As visitors and guests began the tough and unsavoury navigation around mounds of shit and refuse scattered all around, the magnitude of the open toilet ground stood exposed. To drive the point home, the sarpanch captured the dismayed and horrified expressions of the villagers on video film, which he screened for all after the infamous walk around the fields.
It was dubbed the "Walk of Shame" and the villagers immediately pledged to never again dirty their fields but use their in-door toilets.
"It was the first time that the villagers had toured the entire fields and it was a rude awakening for them", recollects Sameer Gaur of Bilaspur PHED.
Within 20 days the village was declared a 'Nirmal Gram' (clean village) - achieving total sanitation by virtue of using toilets and the sarpanch was awarded by district authorities.
Kaushik, in his capacity as sarpanch of Bahtarai village, of which Dabena is a dependent village, decided to bring about a change there as well.
A meeting was called with special emphasis for women to attend - the logic being that women as caregivers are responsible for the cleanliness of the home, family and community. A resolution was passed that anyone found defecating in the open would be fined Rs.50 and those exposing defaulters would get Rs.25.
"The move was an effective deterrent and we collected Rs.750 in fines," claims Mithulal Devangan, former sarpanch.
The sanitation campaign made inroads into the community with the support of NGO Jan Vigyan Sanrakhan Samitee, which focused on information, education and communication (IEC) activities using folk media like Kala Jhattha groups, women's self help groups.
In the Kala Jhattha, young men and women dance, sing and perform skits based on seven components of the campaign - community, sanitation, safe drinking water, personal hygiene, school sanitation, solid and liquid waste disposal and individual household toilets.
"They are the best means through which we can enter a village and they draw crowds immediately and spread the message," said Debnath Mukherjee, district programme coordinator.
For Tulsi, a Kala Jhattha performer, the experience has been enriching. "Before I began to spread the message of sanitation through dance and song in several villages, I was an illiterate village girl myself. The campaign has taught me so much about personal cleanliness," she confesses.

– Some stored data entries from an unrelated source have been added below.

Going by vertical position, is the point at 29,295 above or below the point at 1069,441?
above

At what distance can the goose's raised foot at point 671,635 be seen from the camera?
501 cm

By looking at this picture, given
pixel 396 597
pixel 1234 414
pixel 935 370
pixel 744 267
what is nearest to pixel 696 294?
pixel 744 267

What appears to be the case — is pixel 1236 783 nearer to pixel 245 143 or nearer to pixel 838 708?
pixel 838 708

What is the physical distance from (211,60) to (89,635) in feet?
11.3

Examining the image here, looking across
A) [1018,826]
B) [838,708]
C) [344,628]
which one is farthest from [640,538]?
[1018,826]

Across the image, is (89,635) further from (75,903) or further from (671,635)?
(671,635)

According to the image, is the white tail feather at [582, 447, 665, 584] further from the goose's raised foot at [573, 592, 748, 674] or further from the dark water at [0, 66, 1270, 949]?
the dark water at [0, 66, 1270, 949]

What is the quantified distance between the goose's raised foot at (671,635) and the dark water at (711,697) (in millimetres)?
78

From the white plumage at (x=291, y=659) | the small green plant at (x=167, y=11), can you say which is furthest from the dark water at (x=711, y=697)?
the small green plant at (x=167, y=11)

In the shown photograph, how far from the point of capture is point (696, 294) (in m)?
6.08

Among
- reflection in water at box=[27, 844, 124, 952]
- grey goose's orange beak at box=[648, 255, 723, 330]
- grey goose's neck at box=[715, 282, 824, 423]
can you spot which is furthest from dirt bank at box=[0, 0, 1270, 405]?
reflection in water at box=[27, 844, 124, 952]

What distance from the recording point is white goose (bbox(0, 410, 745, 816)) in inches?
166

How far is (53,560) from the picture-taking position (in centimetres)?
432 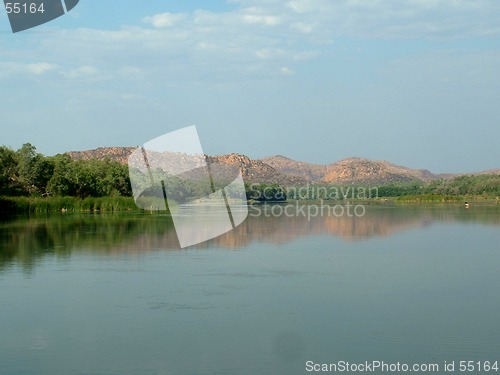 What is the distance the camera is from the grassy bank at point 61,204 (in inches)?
1658

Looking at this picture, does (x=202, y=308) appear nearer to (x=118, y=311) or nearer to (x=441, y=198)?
(x=118, y=311)

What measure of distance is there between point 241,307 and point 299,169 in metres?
171

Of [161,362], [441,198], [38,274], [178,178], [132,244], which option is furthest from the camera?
[441,198]

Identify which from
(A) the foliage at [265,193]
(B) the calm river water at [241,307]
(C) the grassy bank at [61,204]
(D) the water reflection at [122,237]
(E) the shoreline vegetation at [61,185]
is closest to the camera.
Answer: (B) the calm river water at [241,307]

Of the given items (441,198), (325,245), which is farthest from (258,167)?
(325,245)

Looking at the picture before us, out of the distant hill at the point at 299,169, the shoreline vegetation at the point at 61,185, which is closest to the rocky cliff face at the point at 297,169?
the distant hill at the point at 299,169

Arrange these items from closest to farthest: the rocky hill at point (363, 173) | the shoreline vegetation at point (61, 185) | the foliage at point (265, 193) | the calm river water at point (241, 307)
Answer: the calm river water at point (241, 307) → the shoreline vegetation at point (61, 185) → the foliage at point (265, 193) → the rocky hill at point (363, 173)

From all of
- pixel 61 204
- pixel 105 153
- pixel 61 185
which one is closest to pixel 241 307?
pixel 61 204

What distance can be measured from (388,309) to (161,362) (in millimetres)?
4209

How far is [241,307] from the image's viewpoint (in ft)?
34.4

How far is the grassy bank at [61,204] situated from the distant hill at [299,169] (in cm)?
5679

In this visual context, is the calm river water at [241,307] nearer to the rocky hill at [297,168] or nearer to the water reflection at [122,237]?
the water reflection at [122,237]

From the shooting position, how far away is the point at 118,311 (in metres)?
10.2

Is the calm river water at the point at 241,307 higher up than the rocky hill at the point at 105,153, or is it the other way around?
the rocky hill at the point at 105,153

Slogans like "Clean village, healthy village", and "Ghar ghar ho sochalaya nirman" (Every house should have a latrine) are plastered outside the walls of individual homes.
Rameshwari Patel, a village motivator, sees the difference it has made to women's lives. "The biggest gain has been the restoration of our dignity. We faced so much difficulty defecating in the open and many times had to wait till dark to be free from household chores as well as ensure privacy," she explains.
The elderly residents, who were among the most staunch in resisting in-door toilet use for reasons like proximity to home - resulting in stench, and confined space, were converted after personal experiences made them wiser.
Ram Dular Kaushik had a stomach operation three years ago and found it difficult to walk long distances to defecate.
"Someone had to always accompany me to support me and for months I could not even bend. My in-door latrine is a blessing to me," he remarks.
Bahtarai is among the 90 villages in the state selected for the 2007 Nirmal Gram Puraskars, announced by the central government for achieving total sanitation. The programme focused on 552 of the 1,600 villages in Bilaspur district, says Gaurav Dwivedi, collector and district magistrate.
According to him, a significant part of the scheme is to tackle the mindset of the target group. "It is not enough just to construct the toilets. We have to change the thinking of people so that they are amenable to using the toilets," he observes.